Intelligent supervision has also been implemented. Supervisors can adjust regulatory items and judgment thresholds in response to updates in regulatory policies, enabling rapid responsiveness. This achieves real-time, automated, and comprehensive monitoring requirements. Based on big data analytics models, the system reorganizes and redefines key dimensions such as medical authenticity, clinical practices, medication rationality, diagnostic and treatment quality, and healthcare expenditures. By setting differentiated thresholds, it enables automated intelligent supervision and early warning for compliant diagnosis and rational drug use.
The launch of a high-performance, high-concurrency regulatory platform that embodies the flexibility and scalability of a data exchange platform not only tightens oversight over internet healthcare enterprises by introducing clear regulatory policies and defining red lines for internet-based operations, but also promotes the standardization and normalization of the internet healthcare industry from both technical and service perspectives.
Wang Chuan, Director of the Yinchuan Big Data Management and Service Bureau, stated: “Our efforts to drive industry development can be approached from both technological and service perspectives. Technologically, we can promote the standardization of online internet-based diagnosis and treatment practices. This is highly beneficial for regulatory platforms, offline physical hospitals, physicians, patients, and regulatory authorities alike.”
The second is to promote the structuring and standardization of our health and medical data. This is because online treatment currently takes complex and diverse forms, including voice, text, and video. Platforms like Tencent Miying require an integrated platform such as ours.
From a service perspective, Wang Chuan aims to integrate this internet-based treatment platform with offline hospitals to create a new model of medical consortiums.
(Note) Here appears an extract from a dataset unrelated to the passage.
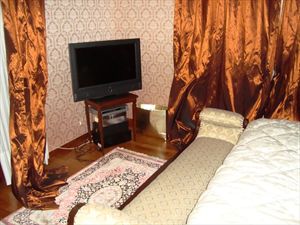Villa Vista Mare luxury  : Room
This approach will facilitate the decentralization of high-quality medical resources, empower physical hospitals, enhance physicians’ diagnostic and therapeutic capabilities, and enable citizens to benefit from affordable care while enjoying the dividends of “Internet + Healthcare.”
Wang Chuan believes that regulatory oversight of internet healthcare companies needs to be strengthened, but this does not mean a sweeping crackdown on internet enterprises. This is because internet healthcare has a distinct characteristic: greater participation from the consumer side (C-end).
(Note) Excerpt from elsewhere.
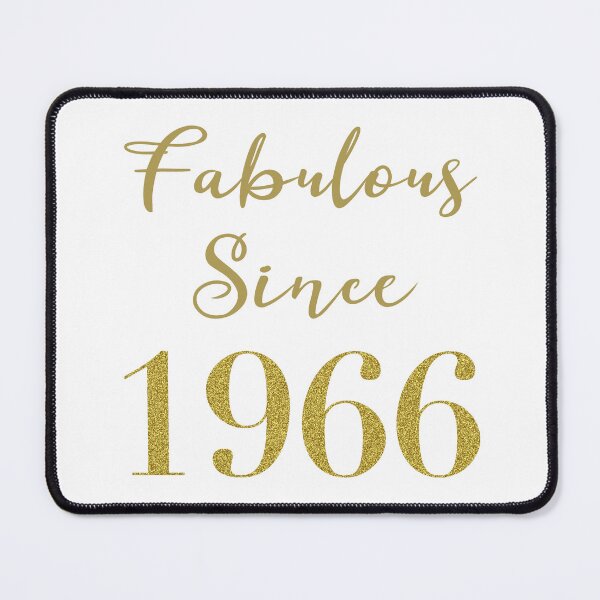 Item preview, Women’s 1966 60th Birthday designed and sold by thepixelgarden.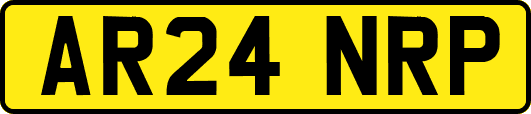 AR24NRP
Therefore, Liu Chunyang expressed the hope that “in the future, regulatory oversight should be integrated into a public platform, granting the public the right to information and enabling them to provide feedback on the platform. Although enterprise platforms, Big Data Bureaus, and physical hospitals all serve as regulatory entities, this constitutes an incomplete framework. Only by incorporating the end users—the patients—can the regulatory system be considered comprehensive.”
The Yinchuan Municipal Health and Family Planning Commission will further strengthen the management and supervision of telemedicine services provided by internet hospitals and online information platforms established by third-party institutions.
In the future, with the continued operation of the internet hospital regulatory platform, industry analysis based on data from the regulatory platform, Yinchuan’s industrial agglomeration, big data, and smart healthcare will generate greater commercial value.